The New Paradigm

What happens when people decide they no longer want to buy houses? Seriously? What happens when decent earners get comfy in their two-bedroom, no frills walk-ups, preferring instead to spend money on long vacations, mango chicken, and slip rentals? When water cooler talk reverts to: riding mowers, elections, and Academy awards.
Los Angeles and San Francisco will soon be like New York City, where it isn't necessarily the case that people of middle-class loin strive to own. Where people live the whole of their lives, adolescence to seniority, without property ownership, without expectation and without stigma.
We're past the point of commiseration-less candor: 'Oh I'm sorry Mr. Entitlement can't scoop up a boy's pad in the Marina'. This isn't just about narrow comfort zones anymore (how I wish it were--this is more than a surrender to rhetoric). There ain't much of an entry level market left, and a lot of borderline buyers are beginning to back away.
What happens when the whole notion of ownership becomes removed and inaccessible, like pony polo or the fox hunt, obscure pastimes of the wealthy elite.

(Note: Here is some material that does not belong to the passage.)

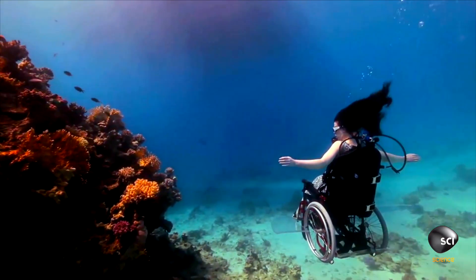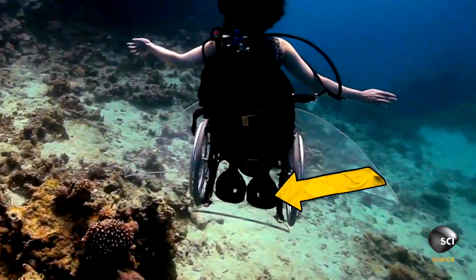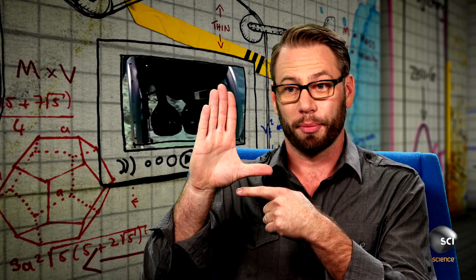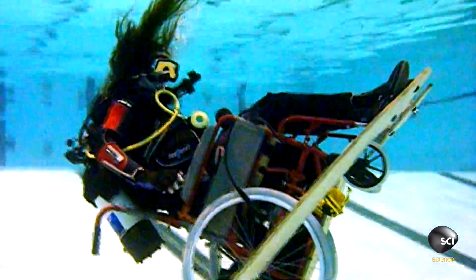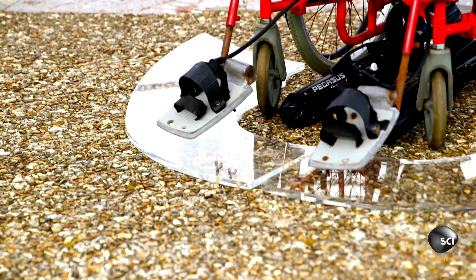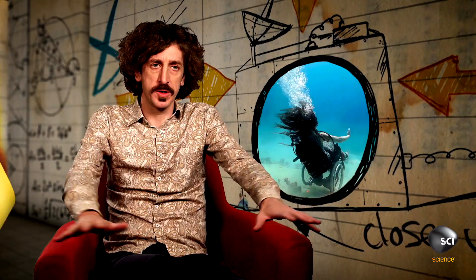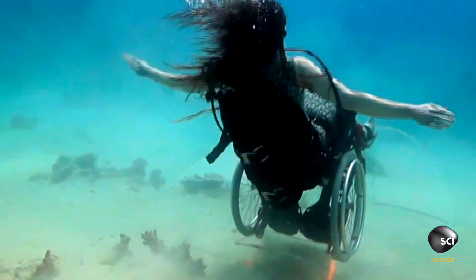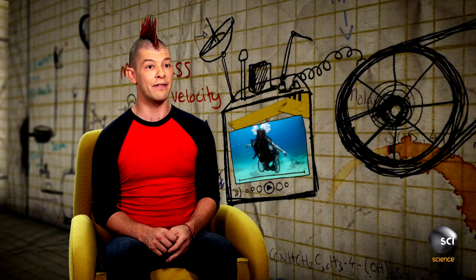How does Sue move forward through the water? Sue needs to move through three-dimensional space. To do this she has an electric propulsion system to drive her forwards, but this system is mounted at the bottom of the wheelchair. It means it wants to pull the bottom of the wheelchair forward while the top has the drag of the water acting on it — combined, this will cause the wheelchair to tilt backwards. To stop this spin she's attached two large foot plates like fins over the front of the wheelchair, and this stops the front from rising. Not only do these plates keep her stable in the water but they also make it possible for her to navigate.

But this is America. What am I worried about? There's plenty of room for development in pleasing sun-belt destinations like Midland and Odessa, Las Cruces and Laughlin. They'll always be cheap four bedroom houses somewhere, and so long as there are, we'll never have to look at our model, at the ungainly pressures and policies of growth and decentralization. Shoot, who wants to bother with this analysis when there's shopping to be done at the cross-town mall.